“Time was when on an allusion to Barnard’s Inn it was impossible to keep one’s pen from writing of Pip and Herbert Pocket who had there once (once! they have still) their lodging. Or Staple Inn, and straightway one’s thoughts flew to Hiram Grewgius, and Neville, and Mr. Tartar, and ‘the flowers that grew out of the salt sea.’ Or Gray’s Inn, and one smiled over the recollection of Mr. Parkle and his friend, and of the gentleman who, by the help of the leeches and Mrs. Miggot, was restored to health. Or the late Lyon’s Inn, which should be as indissolubly connected with the name of Mr. Testator as ever it was with that of the unfortunate Mr. William Weare. Mention Furnival’s, and you speak of the place where the most part of ‘Pickwick’ was composed; Lincoln’s, and I drink to the memory of Miss Flite and Esther Summerson, of Richard and Ada.
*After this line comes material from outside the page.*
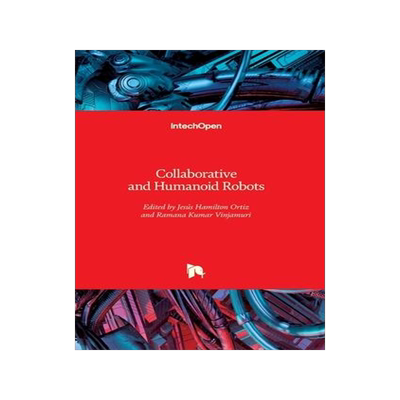 [预订]Collaborative and Humanoid Robots 9781839687396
“But my object in writing is to say that if any one after reading Mr. Fitzgerald’s paper should journey to those charming forgotten spots of which he speaks, let him walk to the end of the little square in Barnard’s Inn, and he will find, on looking beyond the south wall, that straight before him stands an old cowhouse of the time of George I. Often have I loitered about this quiet place, but never realized what that building was till one day an old man passed trundling a wheelbarrow. ‘All thet’s left of the farm,’ quoth he, nodding at the shed; and not till then was I conscious that at the close of the nineteenth century, in the heart of what Mr. Gosse calls ‘Londonland,’ there is still to be seen, suggestive of green meadows and syllabubs, such a countrified relic of the ancient inhabitants of Holborn.

CLIFFORD’S INN.

“Also one should visit Clifford’s Inn, where once, somewhere high up on the fourth floor, George Dyer was to be found; which reminds me that, though the New River is covered over in Colebrooke Row, Lamb’s cottage exists pretty much as it did on the day when gentle G. D., staff in hand, plunged into the waters that rippled tranquilly along. Poor Dyer! Of all places, Clifford’s Inn is not the one where I would choose to live and die: rather Staple, with its bright little terrace; or Clement’s, bereft though it is of its sundial, the gift, brought from Italy, of Goldsmith’s Lord Clare. There is a mouldy air and a dismal about the quaint Tudor hall (the Inn’s principal ornament), where Sir Matthew Hale sat to settle the citizens’ claims after the Great Fire; and though the hammered iron railings and the gates and the trees would all come out charmingly enough in an American magazine, I don’t think even one of the admirable Yankee artists could make much of a picture of these dilapidated dreary mansions.

GRAY’S INN (page 112).

“Then, on your way west, stay at Somerset House, where there is a certain wreathed and domed room I wot of which will repay you for a somewhat toilsome ascent up a fine staircase. This gallery was built by Chambers for the use of the Academy (you will recollect Ramberg’s picture, engraved by Martin, of a Private View here in 1787), and Reynolds has been here before you, and here he delivered his Discourses; and all the great men and women of the first half of the century have passed over this threshold, including the famous Dr. Parr, who tells how he came in the Princess of Wales’s train.”